Wednesday, January 05, 2005

Rich Comparison is Tricky

People sometimes complain about new Python features as being too tricky; sometimes I think they should look at what's already in Python.

As of version 2.3, the sort algorithm changed to use rich comparisons, specifically the __lt__ form. This unexpectedly broke part of my generic function dispatch system in an obscure corner case involving range tables and classic class instances, when I recently upgraded to using Python 2.3 for new development and testing.

Specifically, the dispatch tables used special "Min" and "Max" objects that were intended to compare less or greater than all other objects, respectively. However, they were implemented using the __cmp__ special method, which only works correctly with the cmp() builtin, or when paired with new-style class instances, when Python is using a rich comparison. (Try saying that three times fast!)

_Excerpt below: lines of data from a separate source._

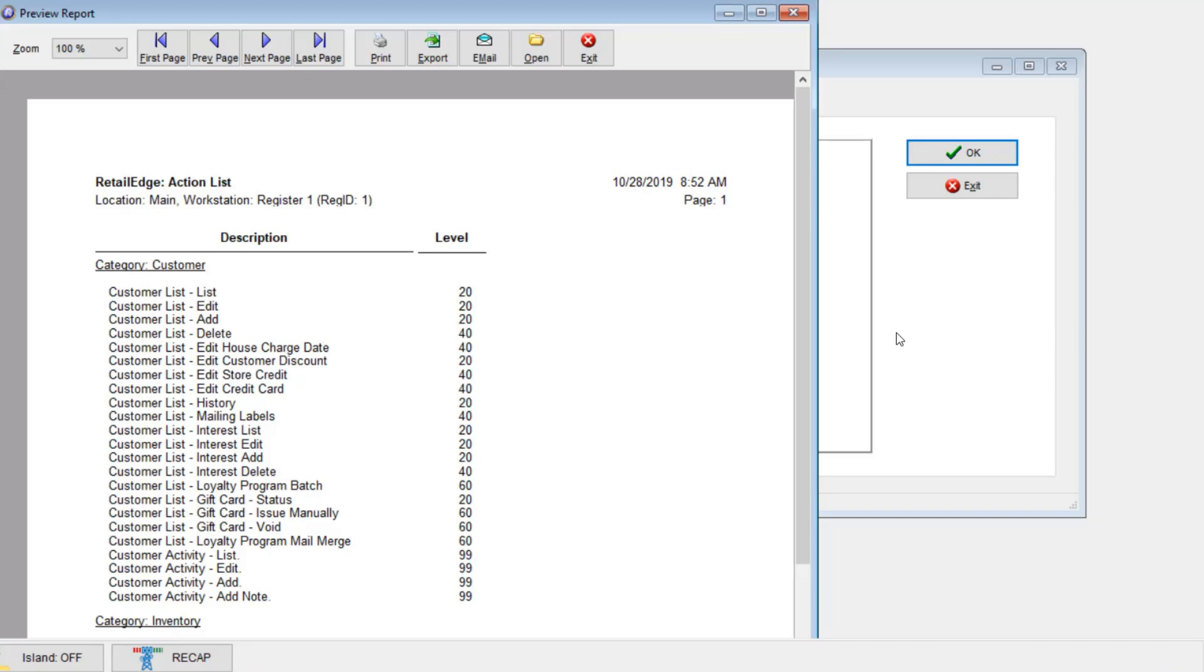Take note of the action list items that you would like to move out of or into the clerks range, as well as the supervisors. The levels are adjustable. Don't worry, I'll show you how to do that in another video though.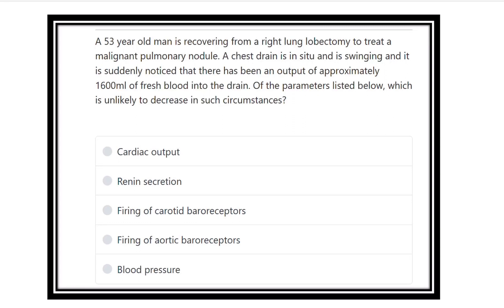Hello everyone, welcome to another question and answer session for MRCS exam. This is the physiology portion. A 53-year-old patient is recovering from right lung lobectomy.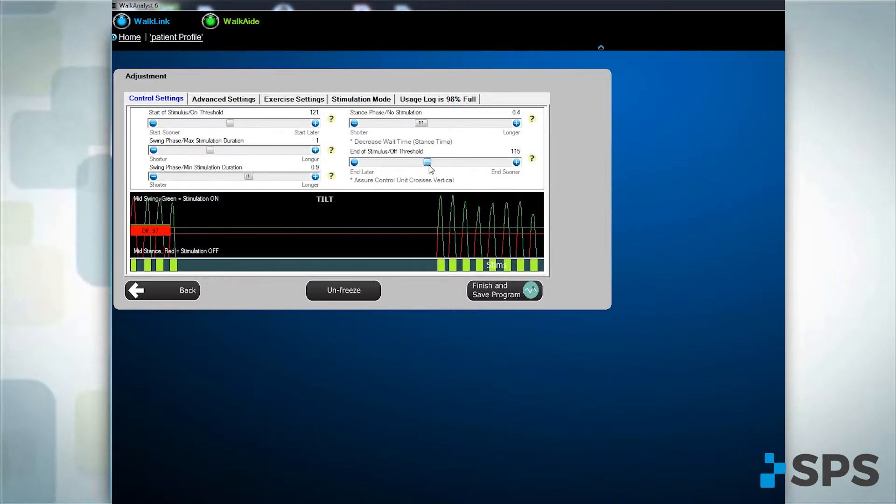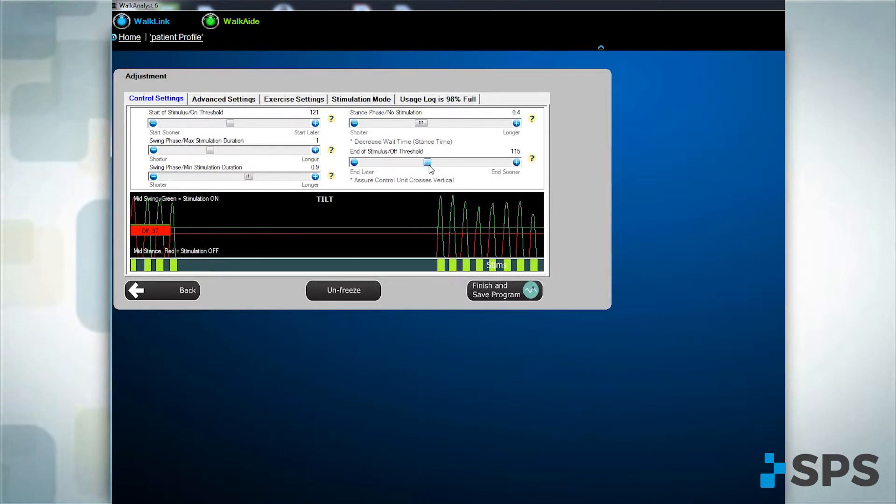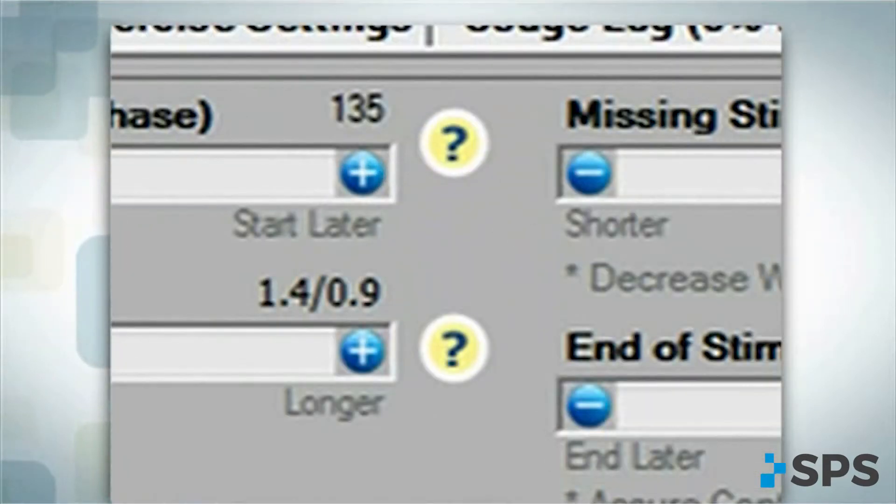For explanations about the adjustment options or how to make specific adjustments to stimulation timing, move your cursor over the yellow question mark next to the option.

I believe earlier versions of the Python builtin sort used the equivalent of cmp(), thus leading to the current breakage when I moved to 2.3. (Although it's possible the problem existed in 2.2, and I just never exercised exactly this particular corner case before. Whatever the situation, it's getting added to my unit tests posthaste.)

Anyway, the point is that getting rich comparisons right can be very, very tricky. The "Min" and "Max" objects were based on code cribbed from PEP 326, which in turn was from code contributed on the Python-Dev mailing list. It looks like to be completely correct, you have to define __lt__, __le__, __gt__, __ge__, __eq__, and __ne__, in order to guarantee that rich comparisons with classic instances turn out correct, at least as of Python 2.3.4. This is a bit of a pain, but I've figured out I can have all these methods delegate back to __cmp__, which will be slow, but correct.

For a while there, the problem was really spooking me; it showed up as "impossible" behavior in a generic function, because the function's internal indexes were shot to hell by the incorrect comparisons.

Decorators are actually pretty simple, when "compared" to this. :)